■ Working data ■
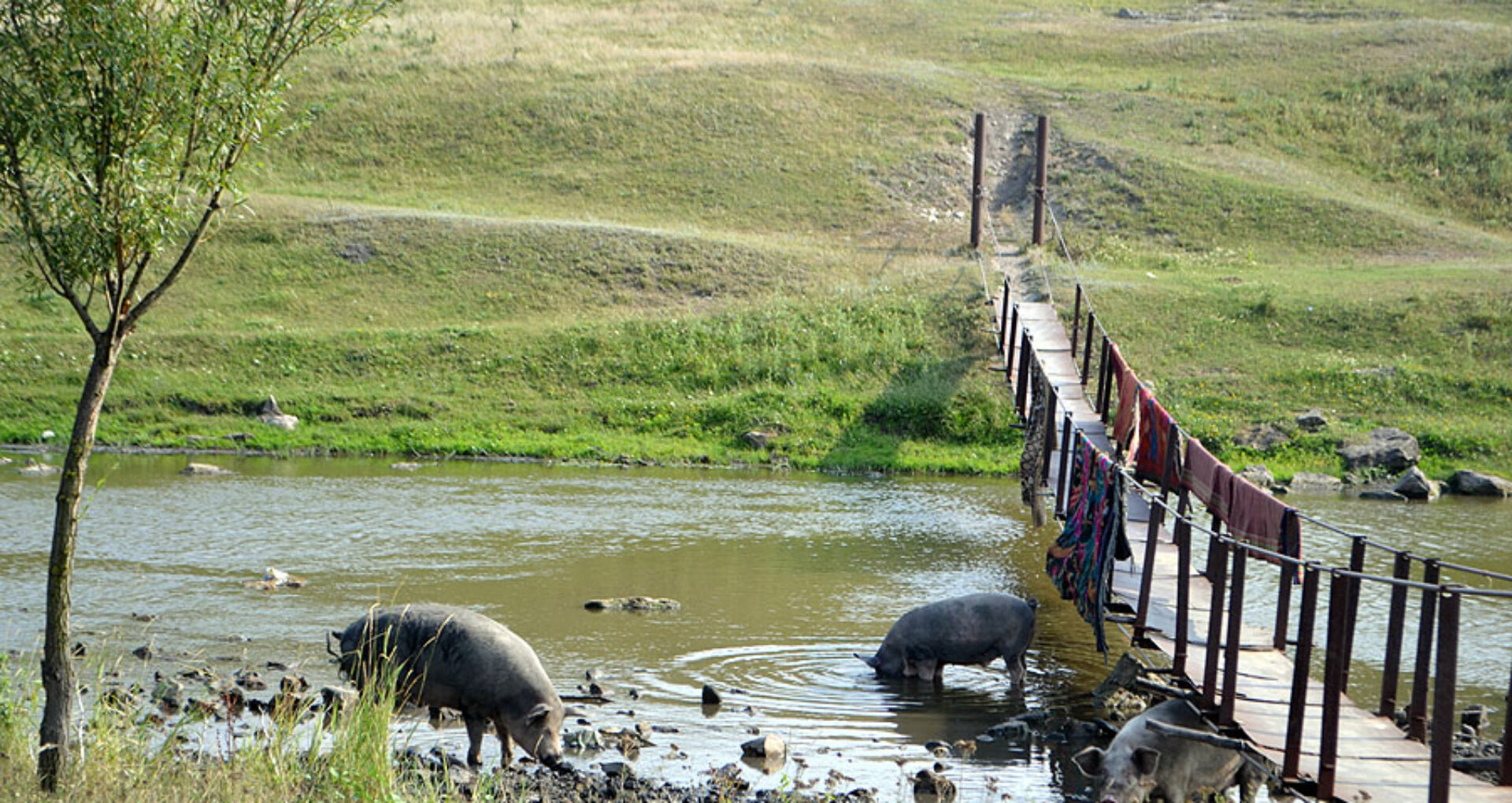 Poluarea Problema Care Curge Pe Raurile Din R Moldova Ziarul De GardÄ
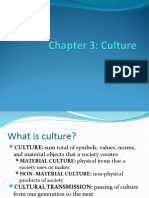 Chapter 3 - Culture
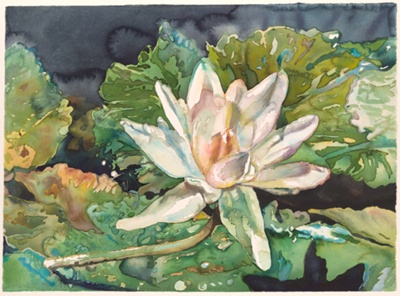 White Lily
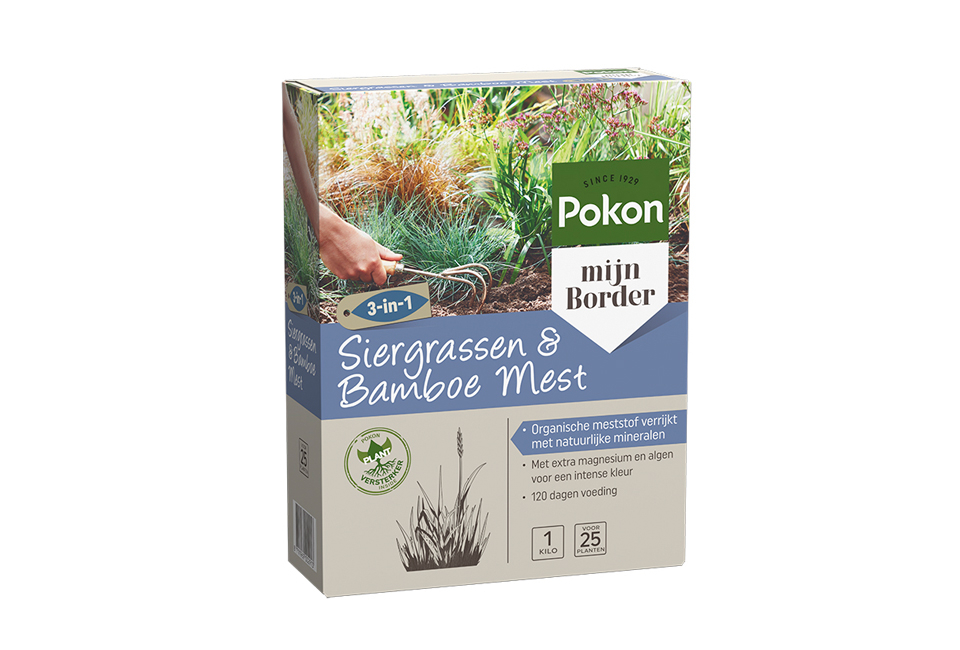 Set van 3 of 6 groene of rode bamboeplanten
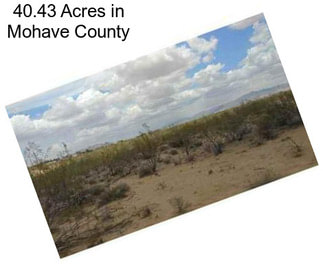 40.43 Acres in Mohave County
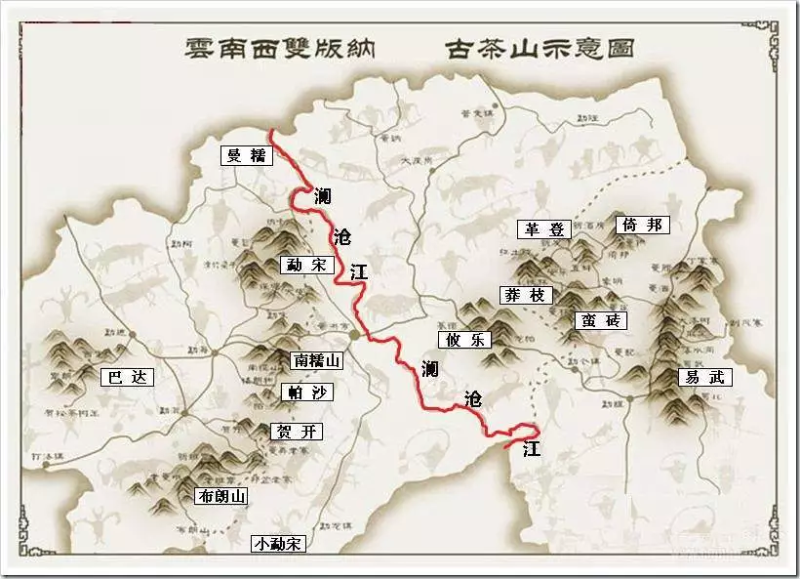 版納茶區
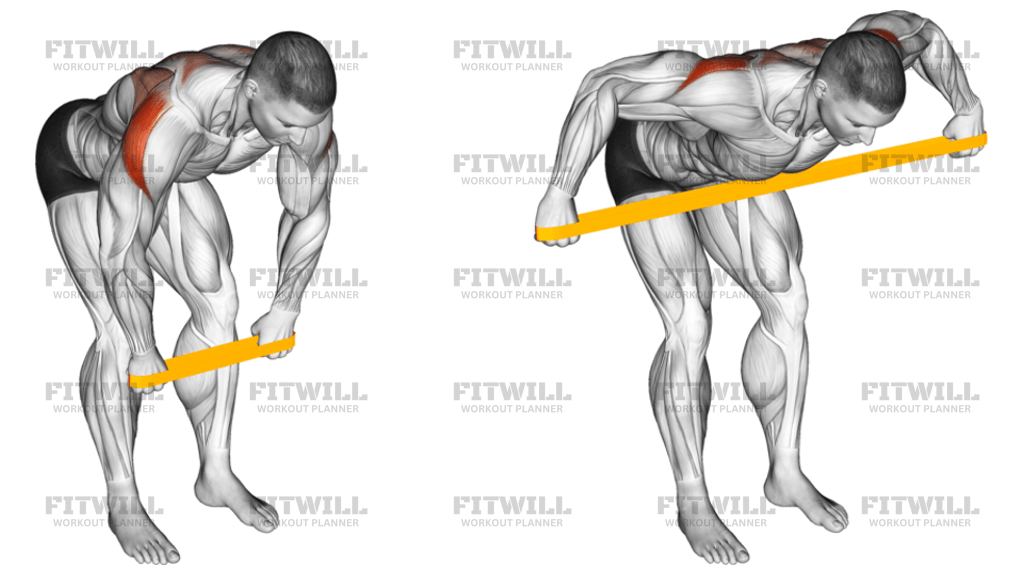 How to do Resistance Band Bent Over Rear Delt Fly: Techniques, Benefits ...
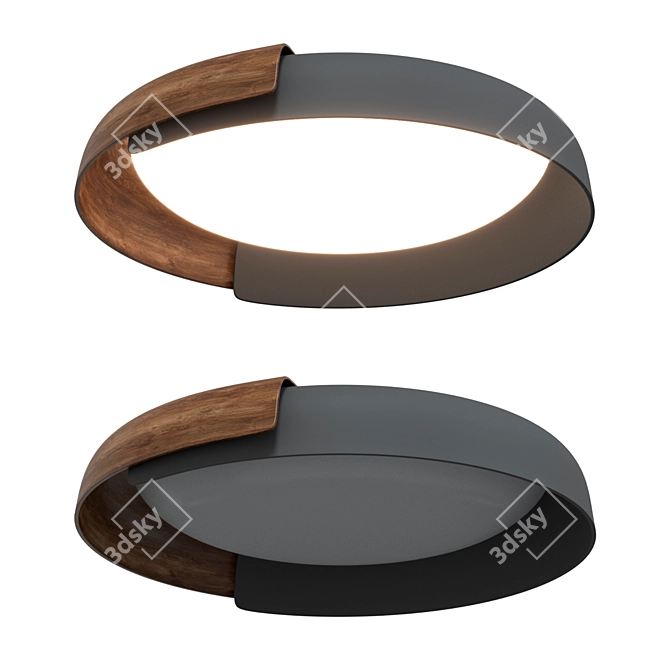 Modern Ceiling Light Fixture DALA 3D model image 2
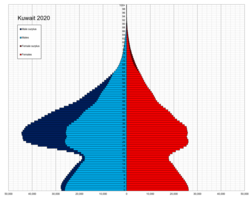 Pirámide demográfica de Kuwait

■ Activity ■
Write out the lines that run from the line containing "40.43 Acres in Mohave County" to the end of the entries, inclusive, exactly as written. Skip every picture.

■ Response area ■
 40.43 Acres in Mohave County
 版納茶區
 How to do Resistance Band Bent Over Rear Delt Fly: Techniques, Benefits ...
 Modern Ceiling Light Fixture DALA 3D model image 2
 Pirámide demográfica de Kuwait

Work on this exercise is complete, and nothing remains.